歌ってみて感じたのですが、この曲は、トスティ歌曲の中では、かなり異質な歌曲だなと思いました。
まずはトスティにしては、歌いづらいのです。メロディの作りもしつこいし、おまけに歌っていくにつれ、どんどんノドが閉まっていきます。優れたテノール歌手だったトスティの作品とは思えない感じなのです。
なので、普通にトスティ作品に挑むような歌い方では、なんか歌とは合いません。
そこで考えて実践してみたのが「もっとバカなテノールになって歌ってみる」です。
トスティの作品って、テノールにしては知的な歌い方が求められるのですが、それを世間一般が求める「バカで愚かでアホなテノール」のように歌ってみたら…この曲に関しては、見事にいい感じでハマりました。

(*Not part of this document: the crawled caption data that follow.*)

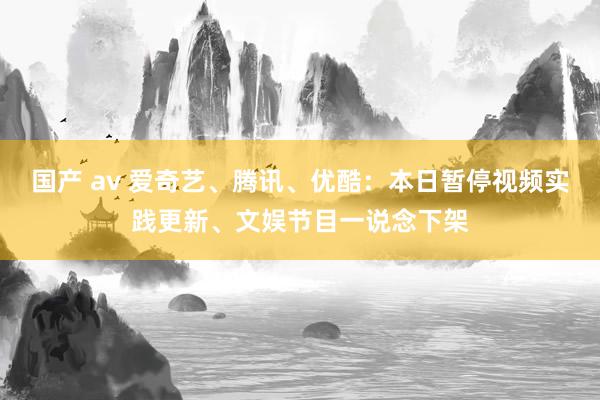 国产 av 爱奇艺、腾讯、优酷：本日暂停视频实践更新、文娱节目一说念下架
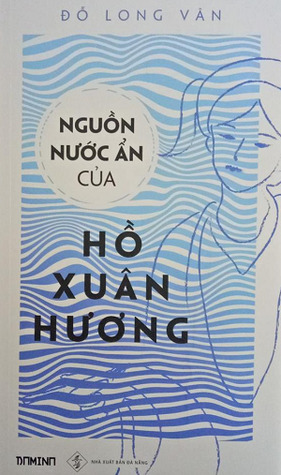 Nguồn nước ẩn của Hồ Xuân Hương (Paperback)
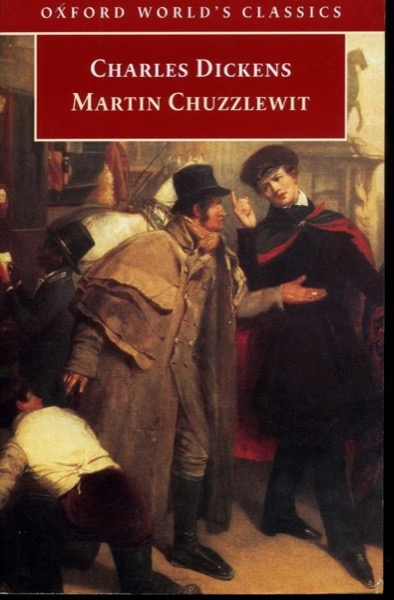 Martin Chuzzlewit by Charles Dickens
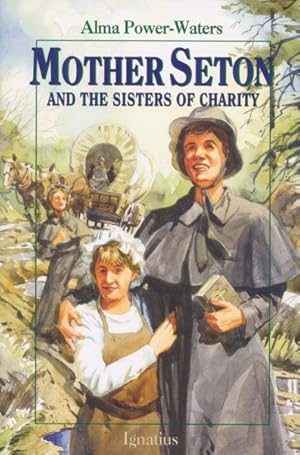 Seller image for Mother Seton and the Sisters of Charity for sale by GreatBookPrices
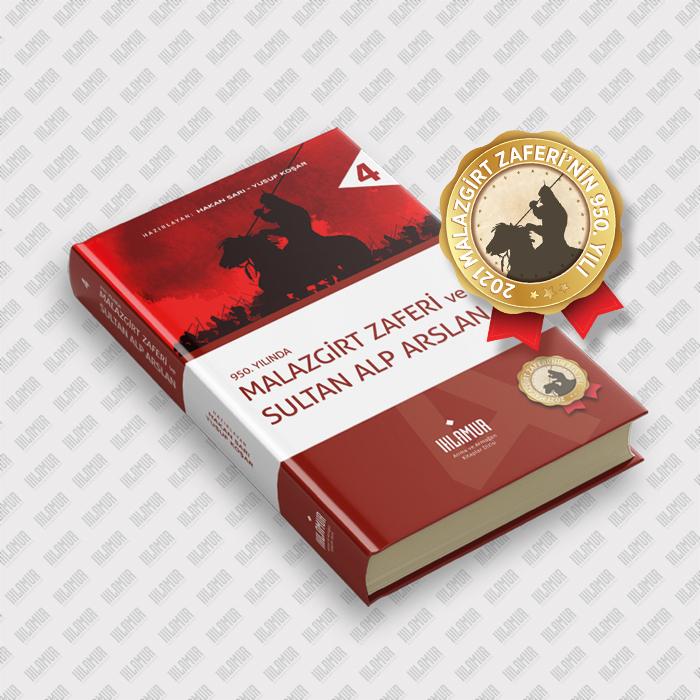 MALAZGİRT ZAFERİ VE SULTAN ALP ARSLAN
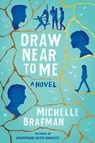 Draw Near to Me - Michelle Brafman - 9798887981352
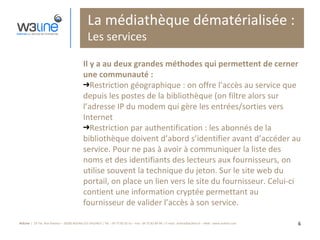 La médiathèque dématérialisée : Les services Il y a au deux grandes méthodes qui permettent de cerner une communauté : Restriction géographique : on offre l’accès au service que depuis les postes de la bibliothèque (on filtre alors sur l’adresse IP du modem qui gère les entrées/sorties vers Internet Restriction par authentification : les abonnés de la bibliothèque doivent d’abord s’identifier avant d’accéder au service. Pour ne pas à avoir à communiquer la liste des noms et des identifiants des lecteurs aux fournisseurs, on utilise souvent la technique du jeton. Sur le site web du portail, on place un lien vers le site du fournisseur. Celui-ci contient une information cryptée permettant au fournisseur de valider l’accès à son service.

この「Luna d’estate!…/夏の月よ」を歌う時は、頭の中から、脳みそを抜き出して、何も考えずに、ただただお気楽極楽な気分で、歌い飛ばしていくのが吉だったようです。何も考えなけれは、ノドも閉まらないし、歌いづらいもありません。
そう考えて、この曲を見直せば、確かにメロディがバカッぽいですよねえ…。
そもそもテノールって声が軽薄だし、歌っている人も“俺様”でバカっぽい人が多いから、古来よりテノールの歌には、知性というモノが欠如しがちで、それを不満に思う知的なテノールもいたわけで、トスティって、そんなテノールたちに、知的な雰囲気を伴った曲を提供してくれた貴重な作曲家なのです。
トスティ自身がテノールであった事を考え合わせるならば、そんなバカ役を演じ続けるテノールにトスティ自身が飽きていたのかもしれません。
事実、トスティ作品を歌う際には、バカッぽさは求められる事はありませんからね。そこが多くのテノールに支持される点だし、テノール以外の声種の歌手にも支持されてきたところでしょう。
そんなトスティ作品の中にも、たまにバカな曲も混じっているって事なのです。実際、嫌だ嫌だと言いながらも、テノールの声には、バカっぽさって似合うものね。
トスティのチクルスを上演するなら、賢い系の曲がズラっと並ぶわけですが、その中に、この「Luna d’estate!…/夏の月よ」のようなバカっぽい曲がまざると、いい感じのアクセントになるよね。そういう意味で、この曲はトスティの作品群の中では、貴重で大切な楽曲なのでしょうね。